WHAT NEEDS TO BE DONE> Print the records below exactly, from the line containing "Cuccioli di pastore tedesco" down to the line containing "RHS Flower &", both lines included, and omit every picture.
::: SOURCE DATA :::
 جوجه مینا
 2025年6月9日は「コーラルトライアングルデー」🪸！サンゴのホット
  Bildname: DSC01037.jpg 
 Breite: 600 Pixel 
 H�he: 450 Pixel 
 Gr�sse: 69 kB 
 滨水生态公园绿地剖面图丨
:::
::: SOURCE DATA :::
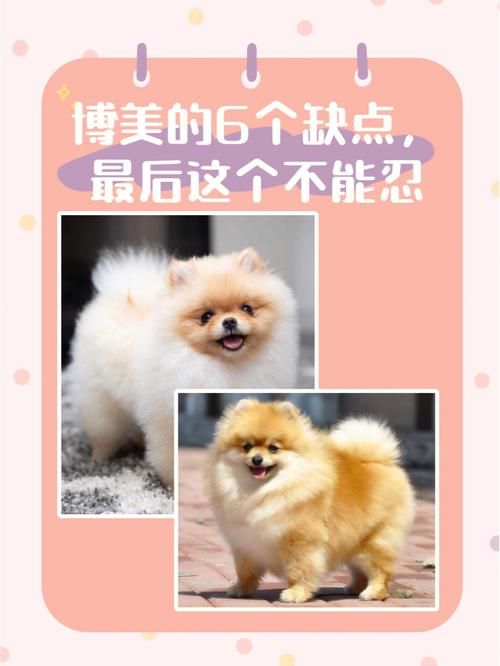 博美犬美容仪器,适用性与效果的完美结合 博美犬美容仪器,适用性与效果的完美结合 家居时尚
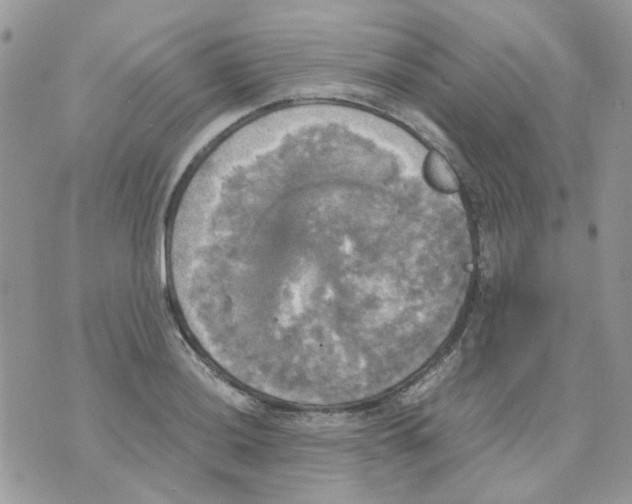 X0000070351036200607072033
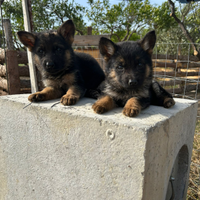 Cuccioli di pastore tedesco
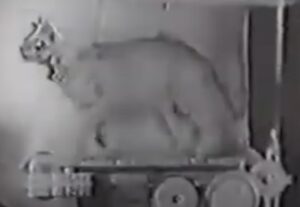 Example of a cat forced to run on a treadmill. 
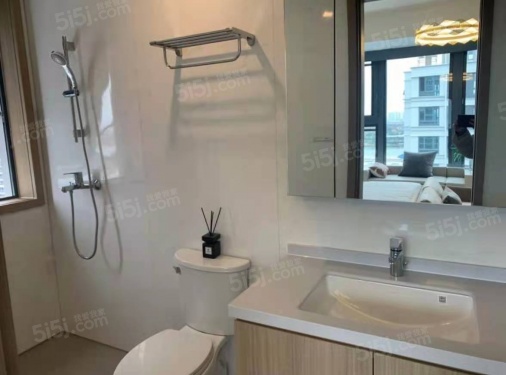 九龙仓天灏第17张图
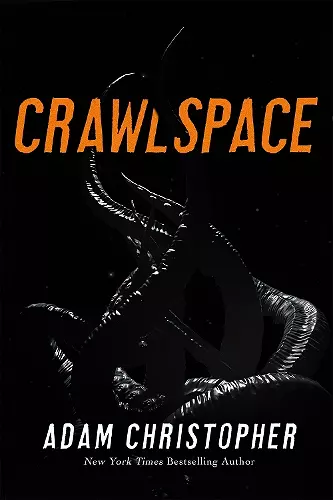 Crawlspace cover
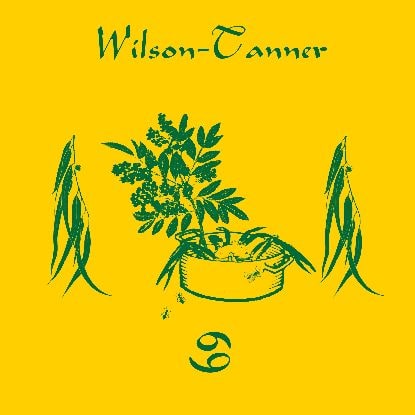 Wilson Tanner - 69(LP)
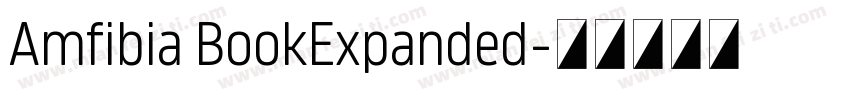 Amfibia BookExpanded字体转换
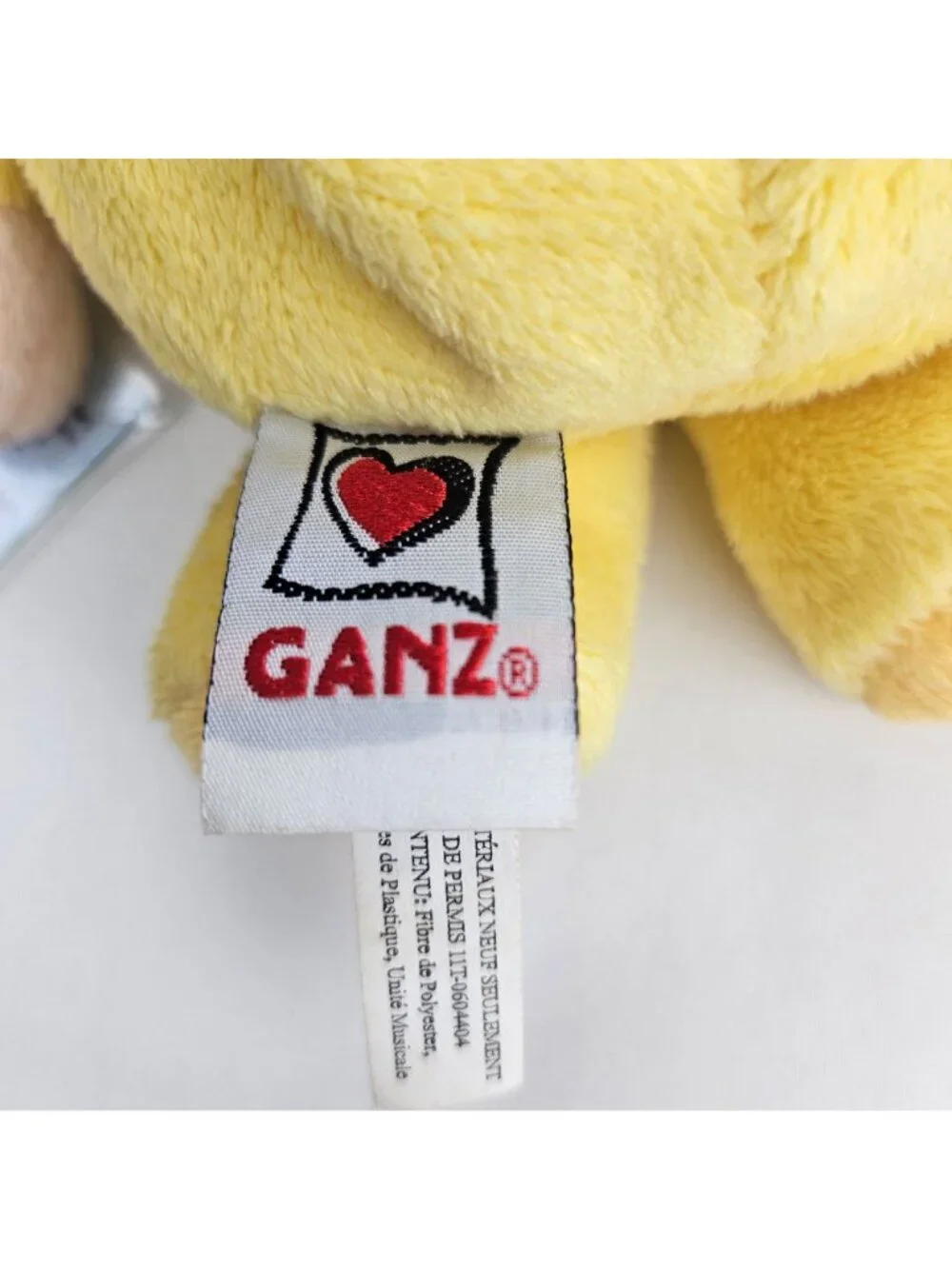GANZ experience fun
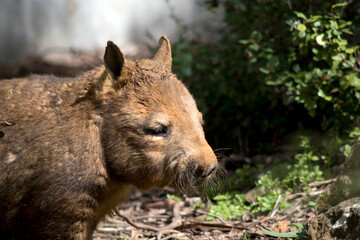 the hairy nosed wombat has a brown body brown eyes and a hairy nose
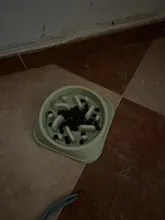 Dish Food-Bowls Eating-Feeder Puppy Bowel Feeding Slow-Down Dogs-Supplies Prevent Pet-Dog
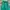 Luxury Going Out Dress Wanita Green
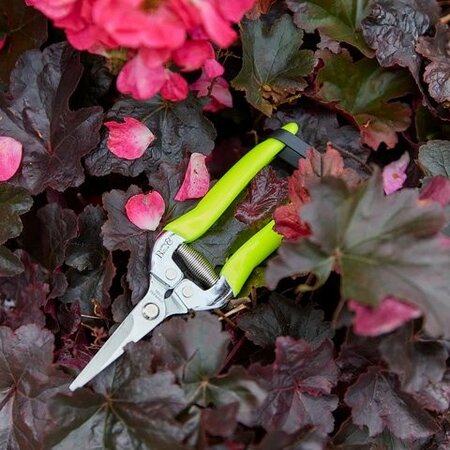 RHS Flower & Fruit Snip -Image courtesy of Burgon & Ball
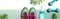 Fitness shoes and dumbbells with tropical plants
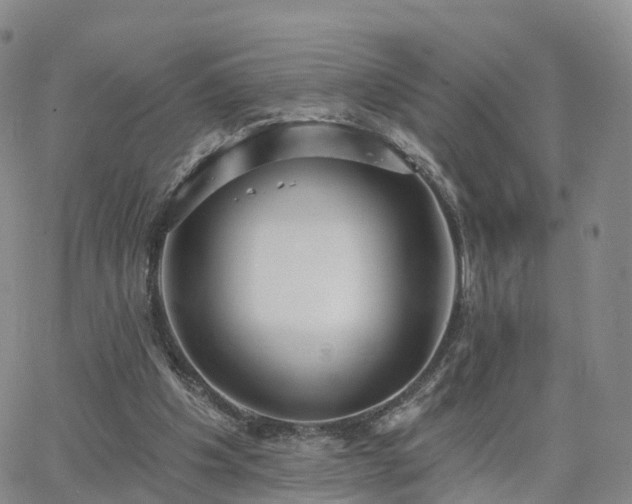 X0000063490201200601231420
:::
WORKED SOLUTION>
 Cuccioli di pastore tedesco
 Example of a cat forced to run on a treadmill. 
 九龙仓天灏第17张图
 Crawlspace cover
 Wilson Tanner - 69(LP)
 Amfibia BookExpanded字体转换
GANZ experience fun
 the hairy nosed wombat has a brown body brown eyes and a hairy nose
 Dish Food-Bowls Eating-Feeder Puppy Bowel Feeding Slow-Down Dogs-Supplies Prevent Pet-Dog
 Luxury Going Out Dress Wanita Green
 RHS Flower & Fruit Snip -Image courtesy of Burgon & Ball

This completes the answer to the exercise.